> **WHAT IS NEEDED**: Once the line holding "Le Tanagra Apartment Vallauris" appears, repeat it and each line after it to the end of the data, exactly and with nothing else; pictures stay out.

++++ ENTRIES SHOWN ++++

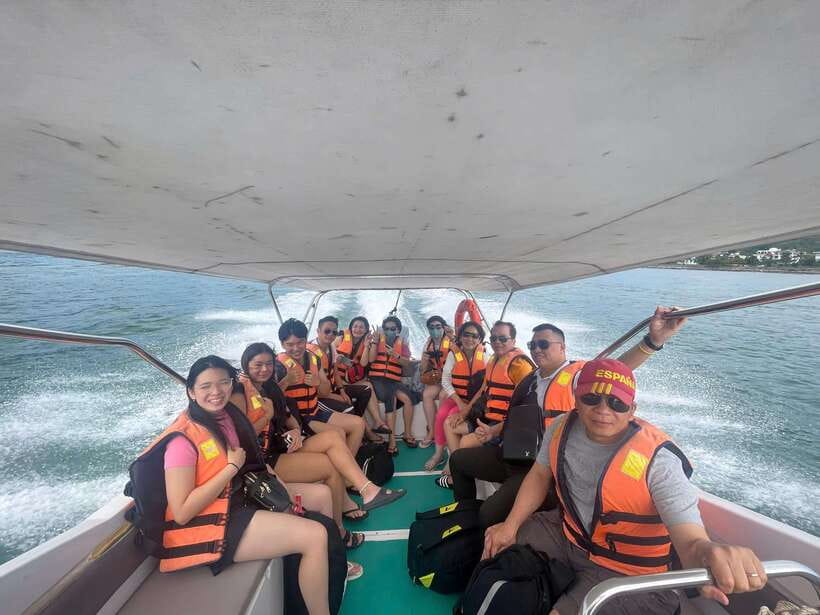 Nha Trang: Deluxe Ocean Snorkeling Tour with BBQ & Mud Bath - Who should book this outing?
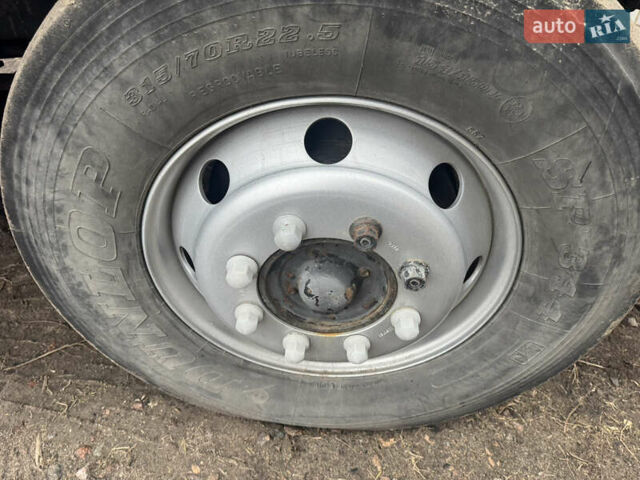 ЗИЛ 4331, объемом двигателя 0 л и пробегом 2 тыс. км за 12800 $, фото 1 на Automoto.ua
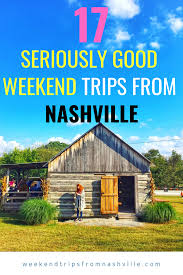 Pensacola and other beaches on 30a (like seaside and rosemary beach) are 6 hour and 48 minutes away. 17 Seriously Good Weekend Trips From Nashville That Will Surprise You Those Crazy Nelsons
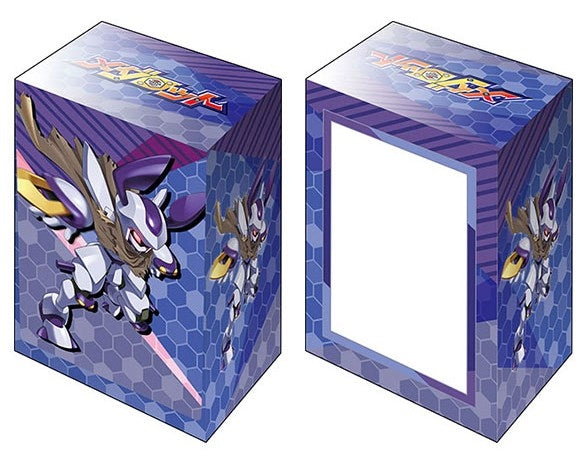 Image for Bushiroad Deck Holder Collection V2 Vol.1021: Medabots - Rokusho - Deck Boxes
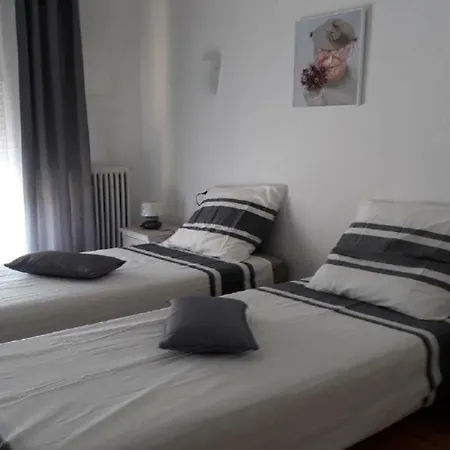 Le Tanagra Apartment Vallauris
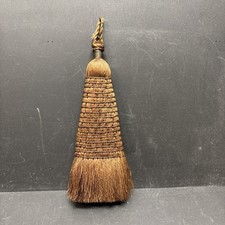 Frusta vintage scopa a mano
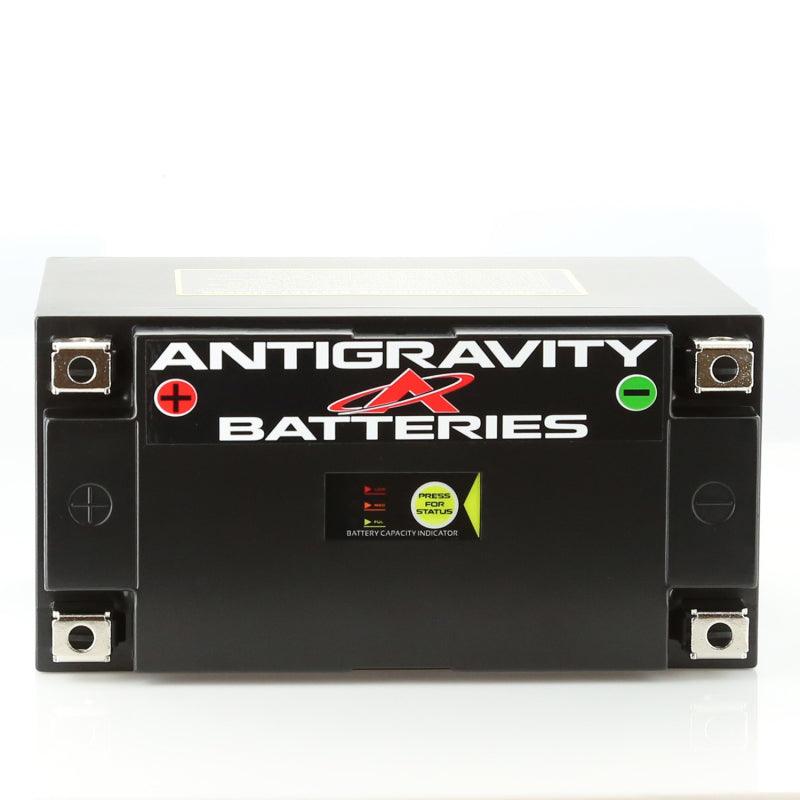 Antigravity ATX20-HD High Power Lithium Battery - Attacking the Clock Racing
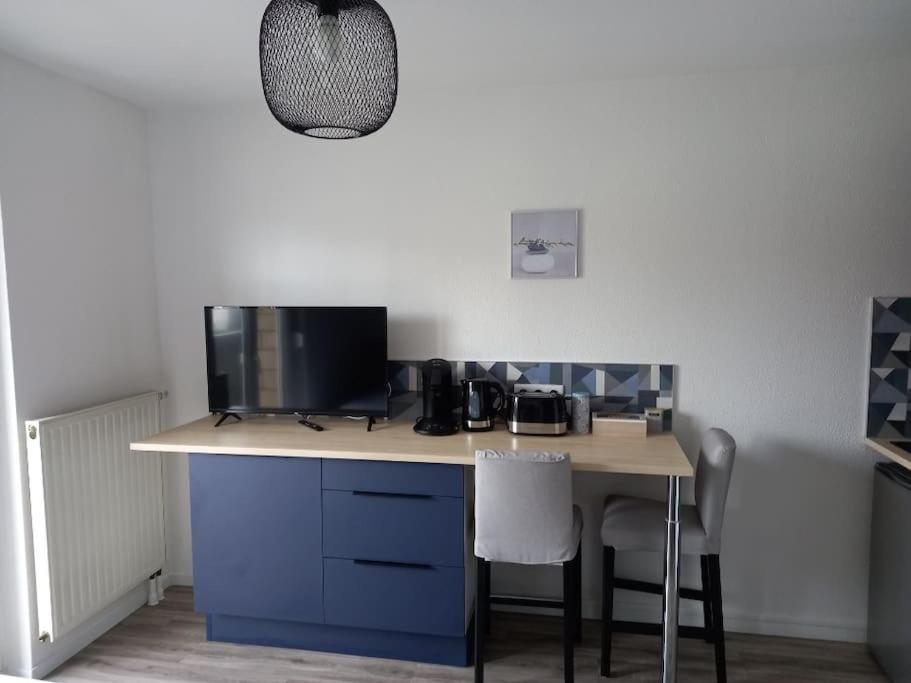Residence Calme, Parking Gratuit Ильзак Экстерьер фото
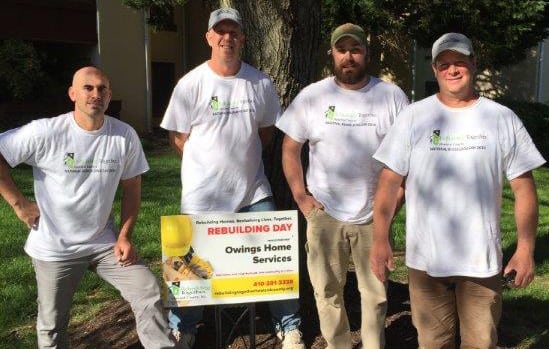 Rebuilding Together Howard County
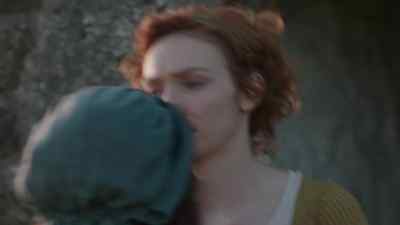 JINNY SOBS - Poldark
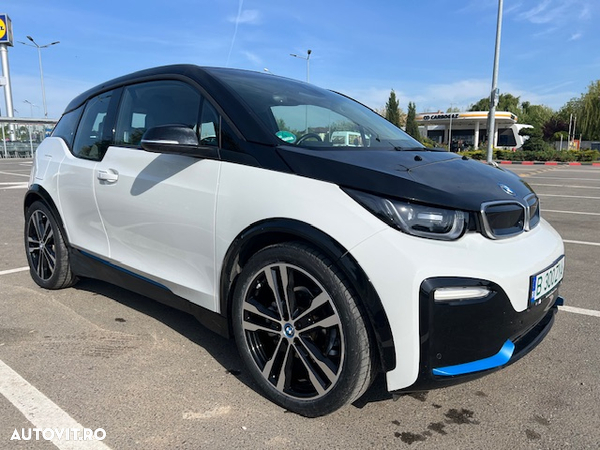 BMW i3 i3s 120 Ah - 3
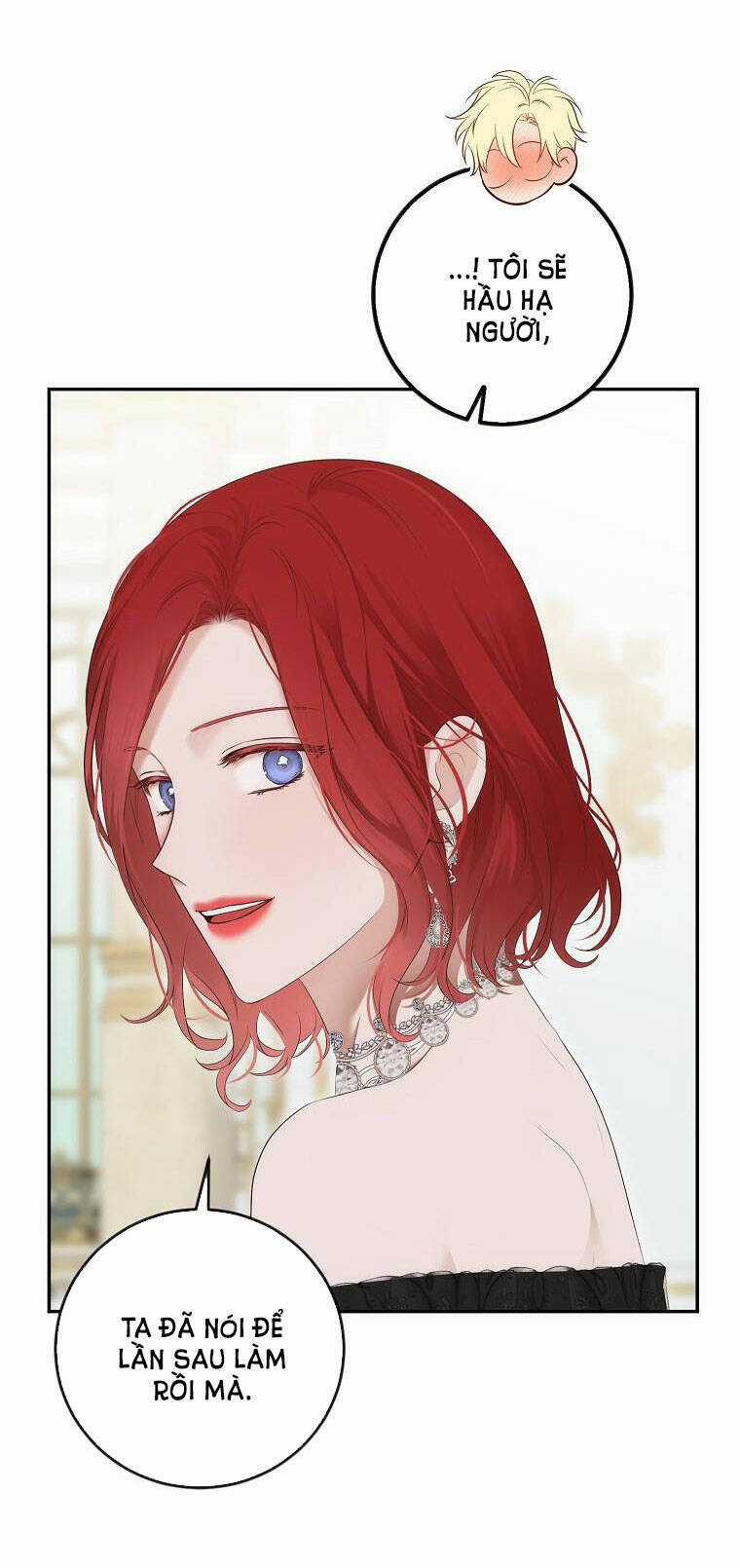 Tôi Lạc Vào Thế Giới Trò Chơi Harem Ngược Chapter 87.1 trang 30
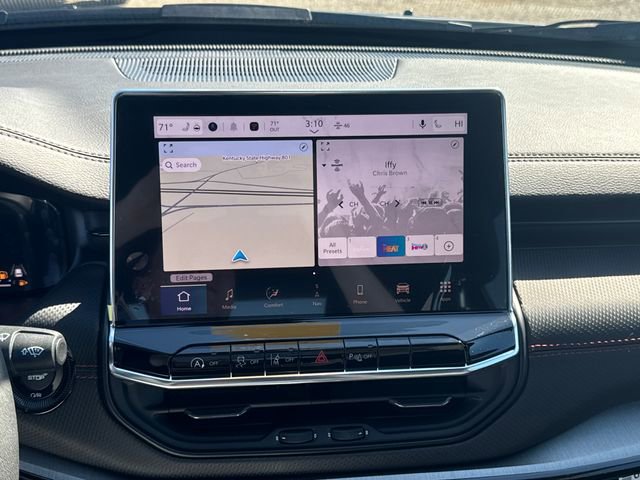 New 2026 Jeep Compass Trailhawk w/ Sun, Sound & Navigation Group image 12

++++

> **ANSWER SPACE**:
 Le Tanagra Apartment Vallauris
 Frusta vintage scopa a mano
 Antigravity ATX20-HD High Power Lithium Battery - Attacking the Clock Racing
Residence Calme, Parking Gratuit Ильзак Экстерьер фото
 Rebuilding Together Howard County
 JINNY SOBS - Poldark
 BMW i3 i3s 120 Ah - 3
 Tôi Lạc Vào Thế Giới Trò Chơi Harem Ngược Chapter 87.1 trang 30
 New 2026 Jeep Compass Trailhawk w/ Sun, Sound & Navigation Group image 12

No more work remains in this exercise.